It seems that a number of skippers have concentrated mainly on trying to target Plaice, due to the lack of many days when conditions were suitable to go well offshore. I understand that even that has not been particularly rewarding with the average size of fish being fairly small & numbers not generally great.
There have been a few days suitable to venture well offshore but the reports indicate very variable results. Some boats have reported total failure whilst a few have reported some success with Pollack but Cod remain elusive, which is not good news for the autumn inshore cod season. A few short windows where inshore water clarity has been good have resulted in some good Bass being caught but the legal bag limit of 1 fish per angler per day is, of course, very frustrating, especially when a rod & line commercial boat fishing a few yards away from angling boats has no such restriction. It will be even worse from 1st November when the legal bag limit reverts to not being allowed to retain any at all. There have been some moves at national and EU level to try to get the daily bag limit increased to 3 fish but I have just been informed that this has been rejected.
It seems that quite a few club skippers are getting all set to target the very large species which provided some sport south of the island last summer. The current apparent shortage of Mackerel is once again beginning to be a worry although that did not seem to adversely affect the sport last summer. One can only speculate as to what the large predatory species are actually feeding on which may, perhaps, include Scad, Pollack, Bass, Squid & Cuttle.
The first of our special open comps for this season was held on the first listed date in May. A slightly disappointing entry of 41 mainly struggled to find numbers of Bream which were all medium to small. Only 15 brought fish to the scales where a maximum bag limit of 2 fish applied. Liam Smith won the Sydenhams Sponsored £150 first prize with a bag of 4 lbs 7 ½ ozs. Remarkably there was a tie for second place where Hugh Racket & Steve Simmons each weighed in 3 lbs 14 ozs and were awarded £75 each being half the combined second & third prizes sponsored by Sydenhams. Mark Tutton’s single bream of 2 lbs 11 ozs took the heavies t fish by a senior prize of £50 sponsored by Charles Smallman.Young Daniel Gawn’s single bream of 1 lb 15 ozs took the prize rod for the best fish by a junior sponsored by Odessa Angling Centre. Club President, Bob Cowley, had kindly donated the table prizes for the remaining heaviest bags. Full report plus photos are available on the club’s web site.
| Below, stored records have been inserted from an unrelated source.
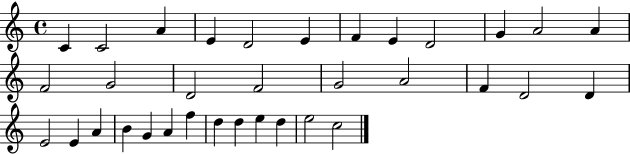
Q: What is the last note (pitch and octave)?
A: C5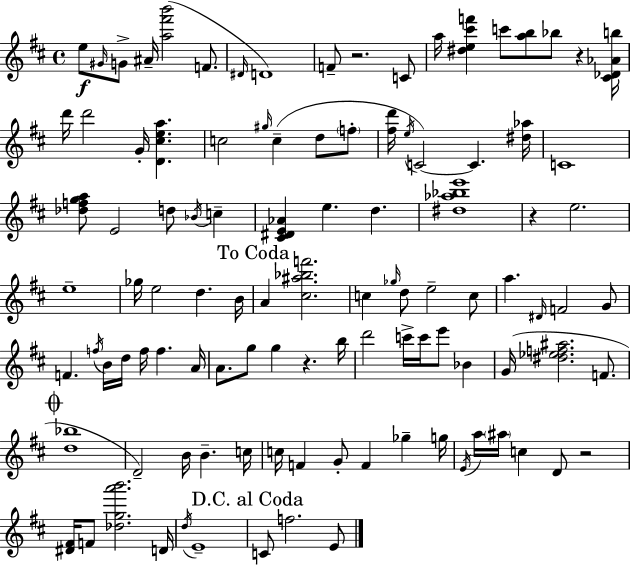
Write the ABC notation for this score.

X:1
T:Untitled
M:4/4
L:1/4
K:D
e/2 ^G/4 G/2 ^A/4 [a^f'b']2 F/2 ^D/4 D4 F/2 z2 C/2 a/4 [^de^c'f'] c'/2 [ab]/2 _b/2 z [^C_D_Ab]/4 d'/4 d'2 G/4 [D^cea] c2 ^g/4 c d/2 f/2 [^fd']/4 e/4 C2 C [^d_a]/4 C4 [_dfga]/2 E2 d/2 _B/4 c [^C^DE_A] e d [^d_a_be']4 z e2 e4 _g/4 e2 d B/4 A [^c^a_bf']2 c _g/4 d/2 e2 c/2 a ^D/4 F2 G/2 F f/4 B/4 d/4 f/4 f A/4 A/2 g/2 g z b/4 d'2 c'/4 c'/4 e'/2 _B G/4 [^d_ef^a]2 F/2 [d_b]4 D2 B/4 B c/4 c/4 F G/2 F _g g/4 E/4 a/4 ^a/4 c D/2 z2 [^D^F]/4 F/2 [_dga'b']2 D/4 d/4 E4 C/2 f2 E/2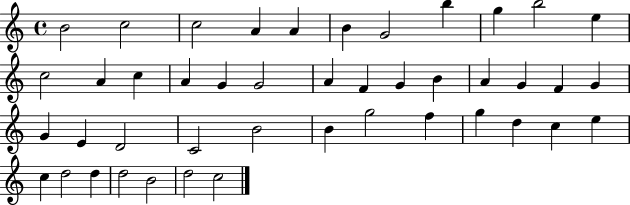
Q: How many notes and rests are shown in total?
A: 44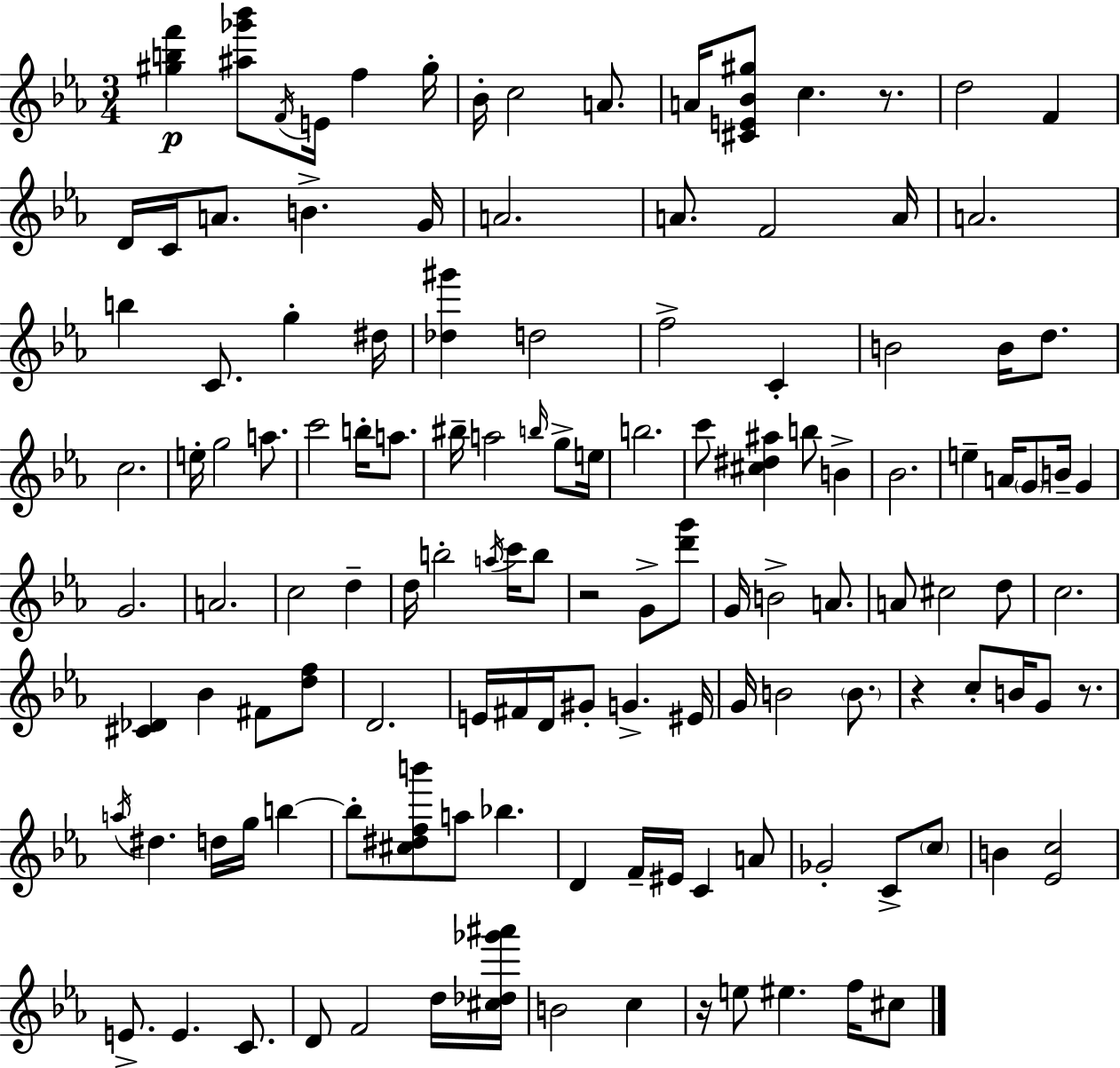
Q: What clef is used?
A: treble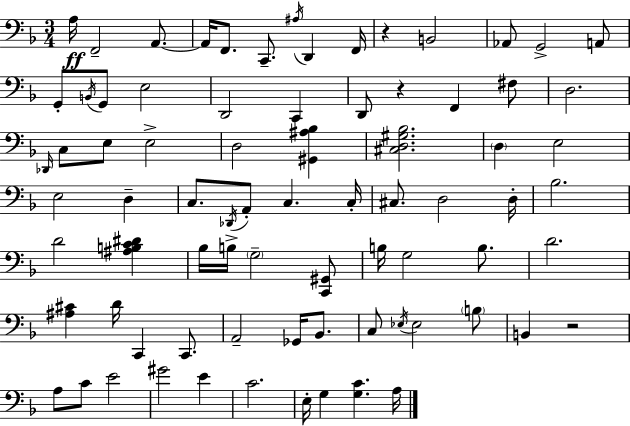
X:1
T:Untitled
M:3/4
L:1/4
K:Dm
A,/4 F,,2 A,,/2 A,,/4 F,,/2 C,,/2 ^A,/4 D,, F,,/4 z B,,2 _A,,/2 G,,2 A,,/2 G,,/2 B,,/4 G,,/2 E,2 D,,2 C,, D,,/2 z F,, ^F,/2 D,2 _D,,/4 C,/2 E,/2 E,2 D,2 [^G,,^A,_B,] [^C,D,^G,_B,]2 D, E,2 E,2 D, C,/2 _D,,/4 A,,/2 C, C,/4 ^C,/2 D,2 D,/4 _B,2 D2 [^A,B,C^D] _B,/4 B,/4 G,2 [C,,^G,,]/2 B,/4 G,2 B,/2 D2 [^A,^C] D/4 C,, C,,/2 A,,2 _G,,/4 _B,,/2 C,/2 _E,/4 _E,2 B,/2 B,, z2 A,/2 C/2 E2 ^G2 E C2 E,/4 G, [G,C] A,/4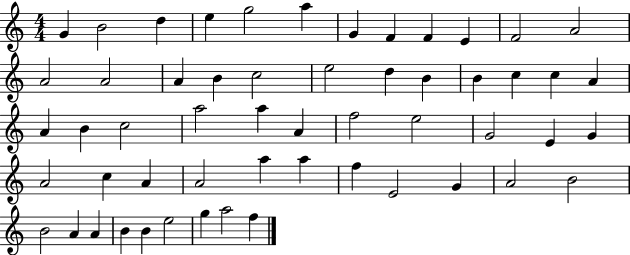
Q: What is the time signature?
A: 4/4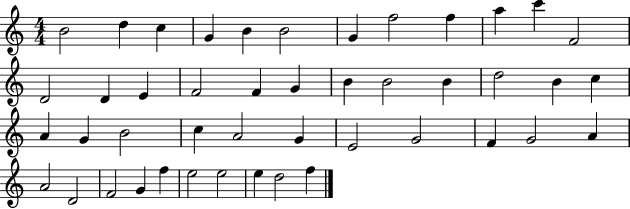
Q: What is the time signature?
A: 4/4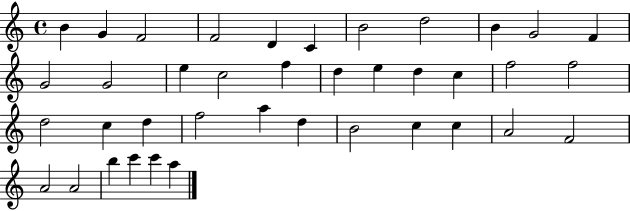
B4/q G4/q F4/h F4/h D4/q C4/q B4/h D5/h B4/q G4/h F4/q G4/h G4/h E5/q C5/h F5/q D5/q E5/q D5/q C5/q F5/h F5/h D5/h C5/q D5/q F5/h A5/q D5/q B4/h C5/q C5/q A4/h F4/h A4/h A4/h B5/q C6/q C6/q A5/q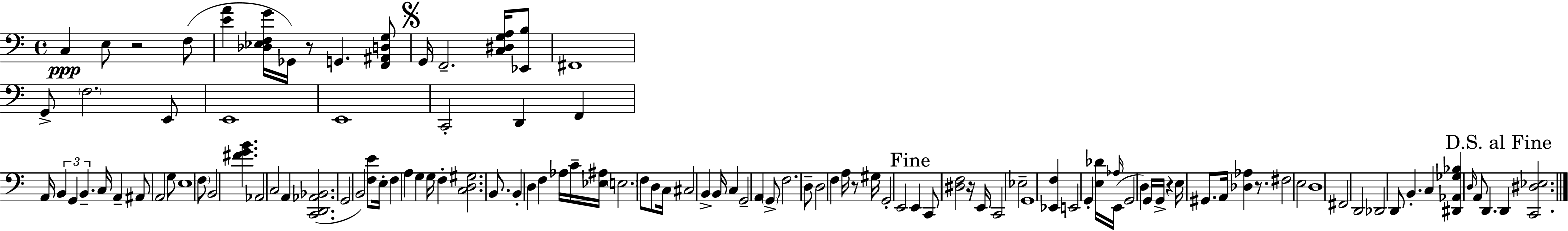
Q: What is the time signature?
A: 4/4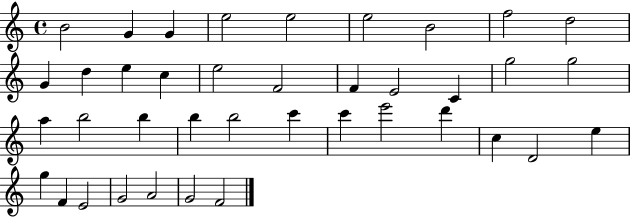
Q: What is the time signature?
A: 4/4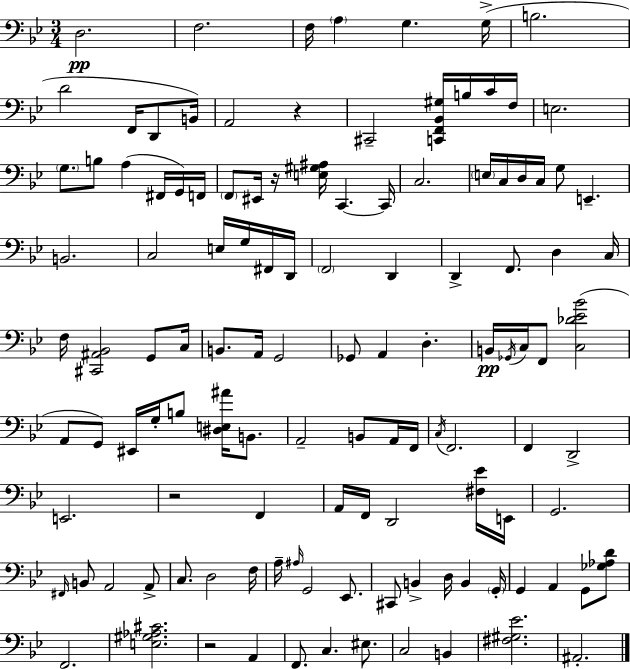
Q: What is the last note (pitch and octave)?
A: A#2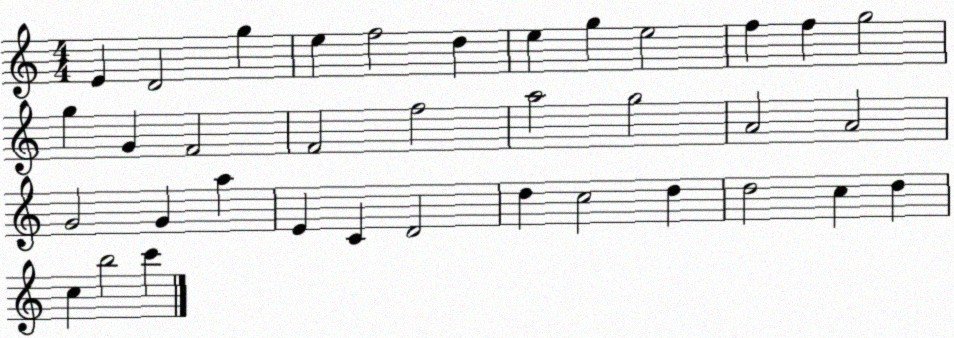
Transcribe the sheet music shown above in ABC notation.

X:1
T:Untitled
M:4/4
L:1/4
K:C
E D2 g e f2 d e g e2 f f g2 g G F2 F2 f2 a2 g2 A2 A2 G2 G a E C D2 d c2 d d2 c d c b2 c'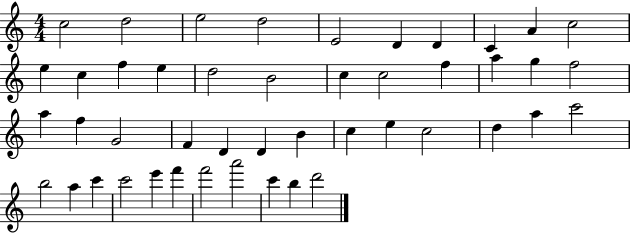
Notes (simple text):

C5/h D5/h E5/h D5/h E4/h D4/q D4/q C4/q A4/q C5/h E5/q C5/q F5/q E5/q D5/h B4/h C5/q C5/h F5/q A5/q G5/q F5/h A5/q F5/q G4/h F4/q D4/q D4/q B4/q C5/q E5/q C5/h D5/q A5/q C6/h B5/h A5/q C6/q C6/h E6/q F6/q F6/h A6/h C6/q B5/q D6/h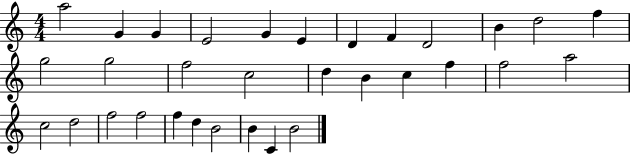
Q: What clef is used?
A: treble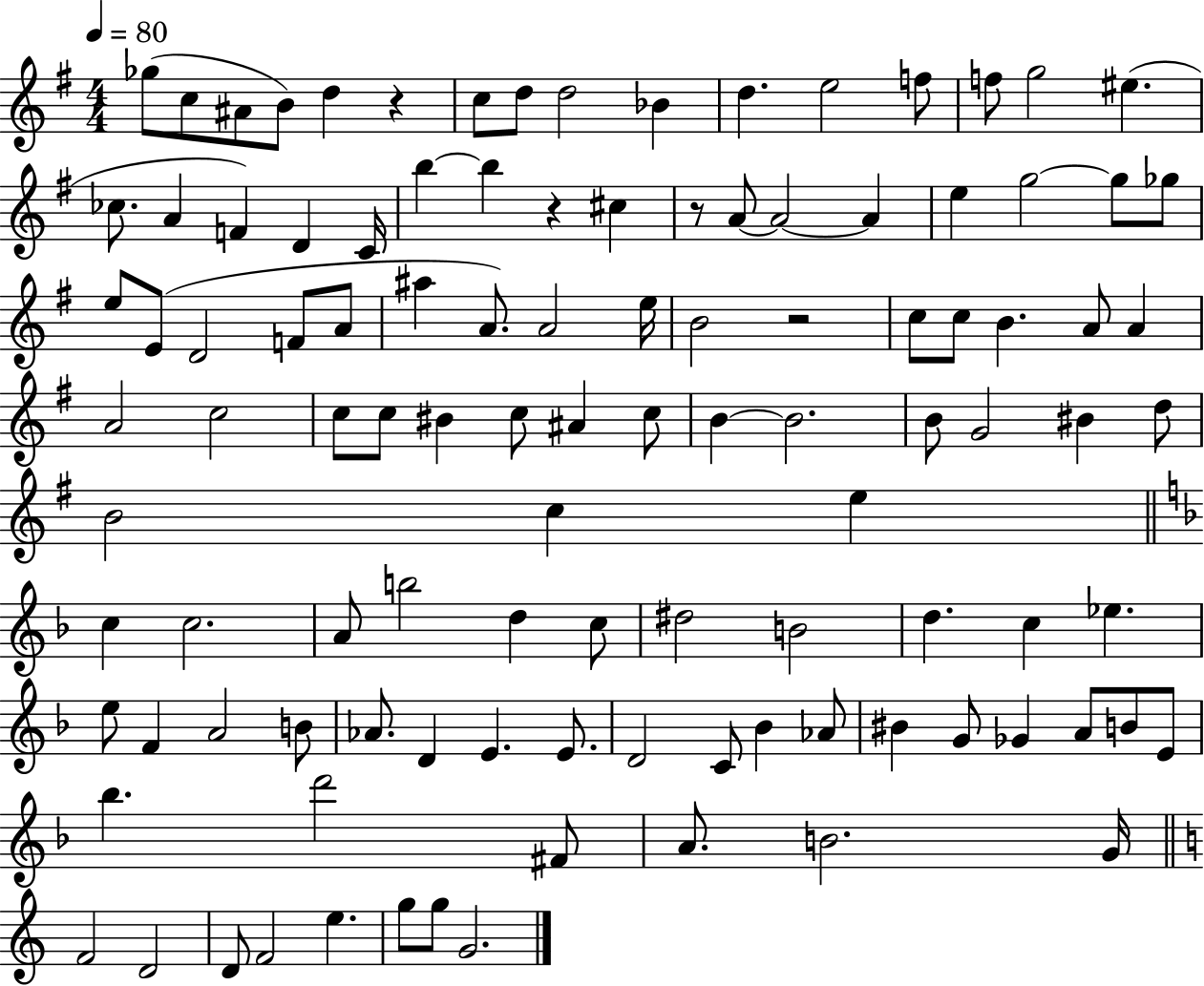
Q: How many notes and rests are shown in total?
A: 109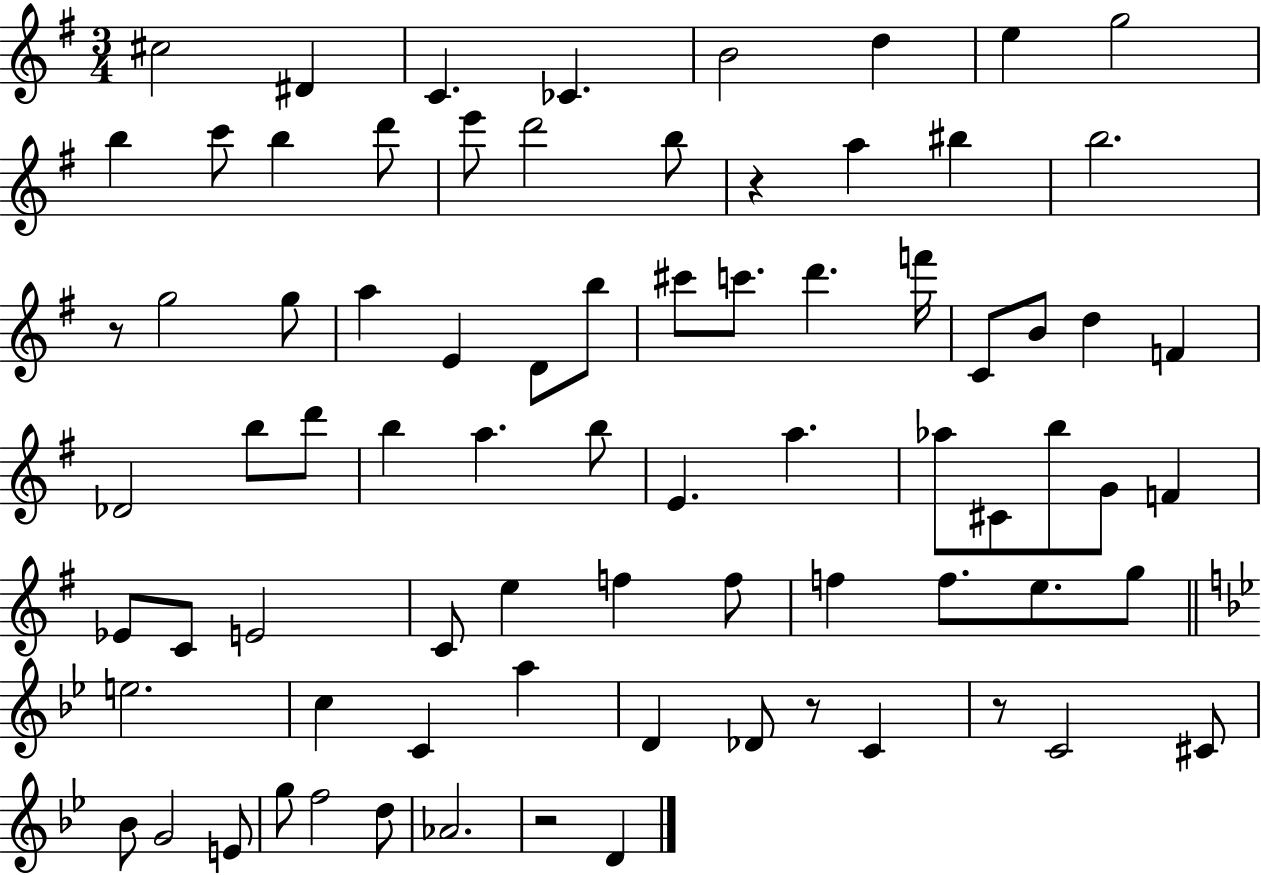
{
  \clef treble
  \numericTimeSignature
  \time 3/4
  \key g \major
  cis''2 dis'4 | c'4. ces'4. | b'2 d''4 | e''4 g''2 | \break b''4 c'''8 b''4 d'''8 | e'''8 d'''2 b''8 | r4 a''4 bis''4 | b''2. | \break r8 g''2 g''8 | a''4 e'4 d'8 b''8 | cis'''8 c'''8. d'''4. f'''16 | c'8 b'8 d''4 f'4 | \break des'2 b''8 d'''8 | b''4 a''4. b''8 | e'4. a''4. | aes''8 cis'8 b''8 g'8 f'4 | \break ees'8 c'8 e'2 | c'8 e''4 f''4 f''8 | f''4 f''8. e''8. g''8 | \bar "||" \break \key bes \major e''2. | c''4 c'4 a''4 | d'4 des'8 r8 c'4 | r8 c'2 cis'8 | \break bes'8 g'2 e'8 | g''8 f''2 d''8 | aes'2. | r2 d'4 | \break \bar "|."
}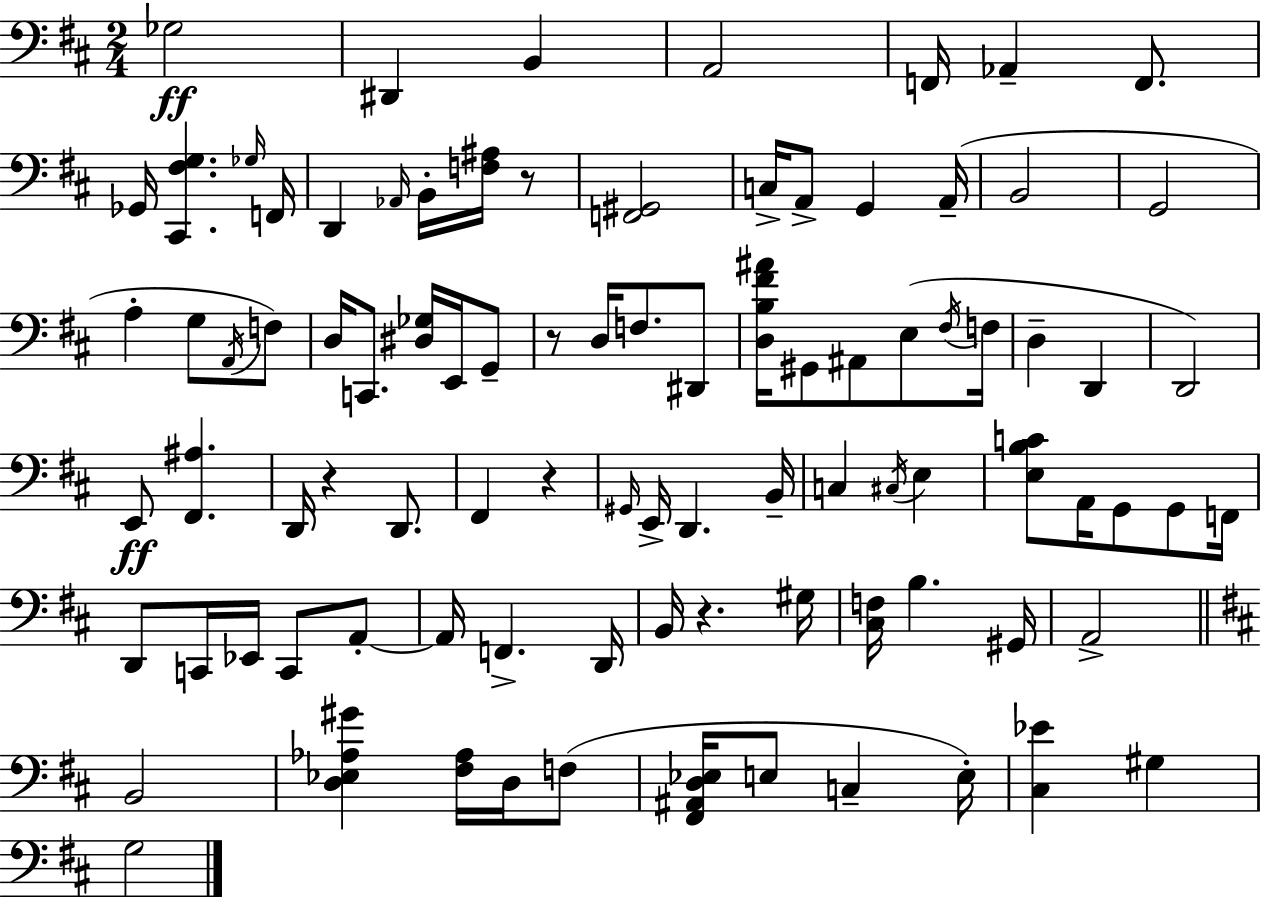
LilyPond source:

{
  \clef bass
  \numericTimeSignature
  \time 2/4
  \key d \major
  \repeat volta 2 { ges2\ff | dis,4 b,4 | a,2 | f,16 aes,4-- f,8. | \break ges,16 <cis, fis g>4. \grace { ges16 } | f,16 d,4 \grace { aes,16 } b,16-. <f ais>16 | r8 <f, gis,>2 | c16-> a,8-> g,4 | \break a,16--( b,2 | g,2 | a4-. g8 | \acciaccatura { a,16 }) f8 d16 c,8. <dis ges>16 | \break e,16 g,8-- r8 d16 f8. | dis,8 <d b fis' ais'>16 gis,8 ais,8 | e8( \acciaccatura { fis16 } f16 d4-- | d,4 d,2) | \break e,8\ff <fis, ais>4. | d,16 r4 | d,8. fis,4 | r4 \grace { gis,16 } e,16-> d,4. | \break b,16-- c4 | \acciaccatura { cis16 } e4 <e b c'>8 | a,16 g,8 g,8 f,16 d,8 | c,16 ees,16 c,8 a,8-.~~ a,16 f,4.-> | \break d,16 b,16 r4. | gis16 <cis f>16 b4. | gis,16 a,2-> | \bar "||" \break \key d \major b,2 | <d ees aes gis'>4 <fis aes>16 d16 f8( | <fis, ais, d ees>16 e8 c4-- e16-.) | <cis ees'>4 gis4 | \break g2 | } \bar "|."
}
At the time of writing this, the Pascall Atkey sponsored open Plaice comp is due to be held on the reserve date having been postponed due to adverse forecasts. [Report now loaded on web site.]
Our comp sec advises that good fish recorded since the last news letter include: Nick Ring boat caught Undulate 14 lbs & Spotted Ray 4 lbs; Chris Rackett shore caught Black Bream 2 lbs 7 ozs & Undulate 12 lbs 9 ozs; Derek Chappell shore caught Mullet 3 lbs 10 ozs; Spencer Wright boat caught Tope 50 lbs & Spotted Ray 3 lbs 12 ozs; Mark Jones boat caught Bass 9 lbs 12 ozs; Jacob Grimaldi boat caught Pollock 12 lbs 12 ozs;
With the obvious ongoing debacle, there is still virtually no clarity regarding how fishing regulations will be affected by Brexit. Currently there are a number of issues relating to what the EU wants to impose on us that a no deal Brexit could possibly negate & be to our advantage. One issue is that apparently the EU wants to force the UK government to prohibit the use of red diesel in recreational vessels. The angling Trust has joined with the RYA to attempt to block this but we understand that the UK government is soon to undertake a so called consultation about it. This is more likely to focus on how it could be implemented rather than if it should actually be implemented in the first place.
I have still not received any information as to when the MMO intend commencing consultations for control measures for the “Offshore Overfalls” already designated MCZ which includes the area known by many BAC members as the ray banks.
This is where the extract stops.